JOHN KEEL NOT AN AUTHORITY ON ANYTHING

June 7, 2023

A Letter Home (1948)

Filed under: Uncategorized — admin @ 8:10 pm

John writes a letter home, a few months after he’d left and hitchhiked to Greenwich Village to seek fame and fortune as a writer. He was 18 at the time. He notes Truman’s surprising election, and mentions work on a script and a novel. The script was for WJZ-TV, which had started broadcasting only a few months before. The novel was West of Washington Square, which he later told me was thrown out by his landlord. (He mentions it in this bio from that year.) And, like any teenager, he’s been quarreling with his girlfriend.

5 Comments »

  1. “I’m upset —can’t write.—” says Keel, after writing all that.

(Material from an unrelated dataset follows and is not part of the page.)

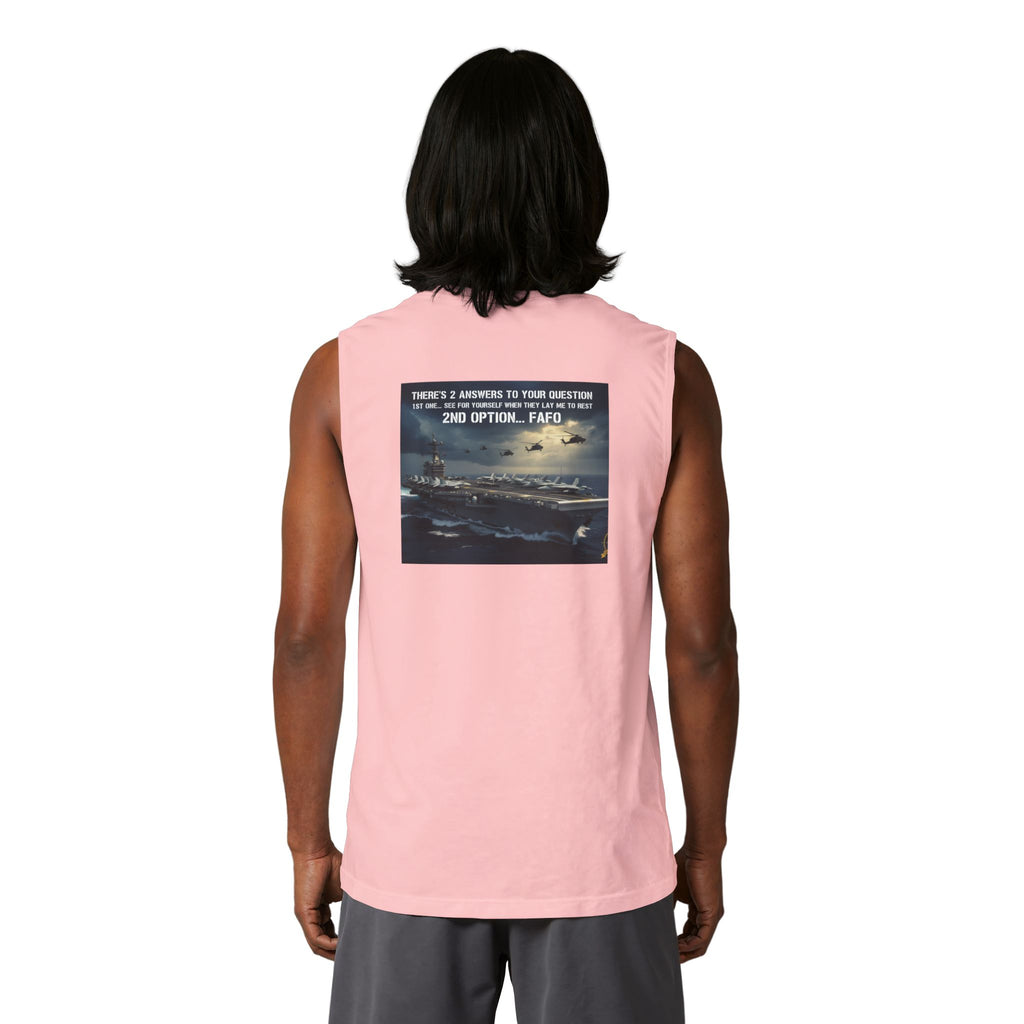 Navy Rescue Helicopter Muscle Tank — '2nd Option: FAFO' Military Search & Rescue Shirt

    I don’t think I’ve ever met an eighteen-year-old who told me he was writing a novel. Usually you start by writing some short stories and maybe some poems, but Keel was more ambitious. Today, with kids distracted by their phones, it must be even rarer.

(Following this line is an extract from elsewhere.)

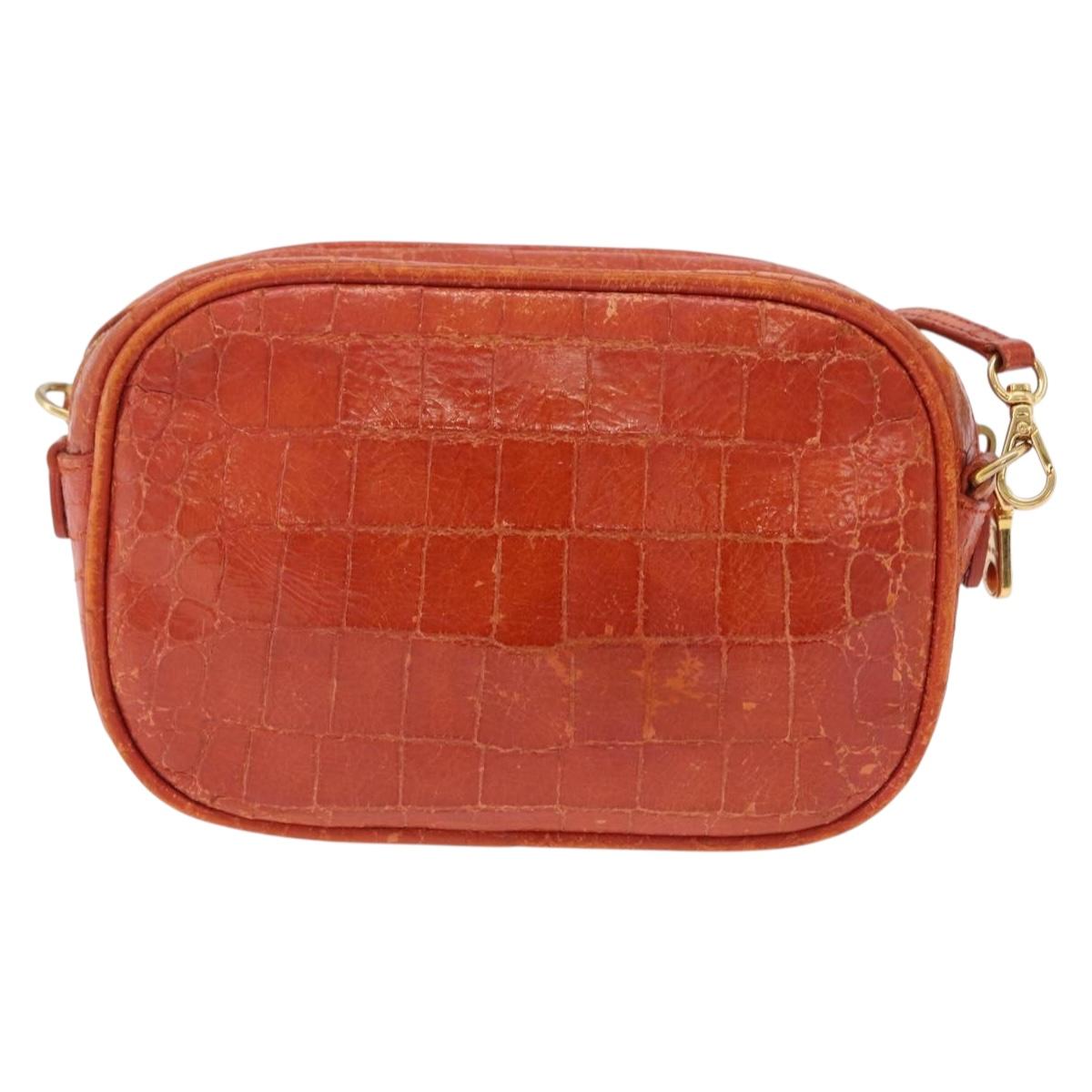Miu Miu Shoulder Bag Leather Croco Embossed Orange Gold Auth ka6376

    He was also politically engaged at eighteen. Different time.

    Comment by Mestiere — June 8, 2023 @ 6:56 am

  2. He seems to have gotten more upset as he wrote about Elynore. He was fine when he was writing about the election!

    Eighteen-year-olds probably read fewer novels these days. Ambitious teenagers used to write novels; Mary Shelley wrote Frankenstein when she was 19. I guess kids who want to write nowadays work on screenplays. John, of course, had already written poems and stories, as well as a newspaper column back in Perry.

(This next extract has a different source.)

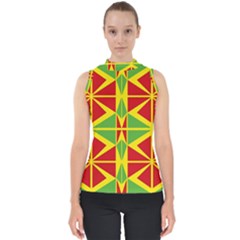 Abstract Pattern Geometric Backgrounds   Mock Neck Shell Top by Eskimos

    Comment by Doug — June 8, 2023 @ 9:21 am

  3. I wonder if John changed his mind about Truman as time went on. In later years, as far as I could tell he was somewhat of a liberal.

    Comment by John — June 21, 2023 @ 8:07 pm

  4. He sounds more negative about Dewey here. But, like everyone else, he was surprised by Truman’s victory. He was, of course, too young to vote then. In later years, he was independent, as he was in most things.

    Comment by Doug — June 22, 2023 @ 8:22 am

  5. “He was, of course, too young to vote…”. Right, the minimum age to vote in New York and most other states was 21 until 1970. You could die for your country but not vote. He still was interested in the election.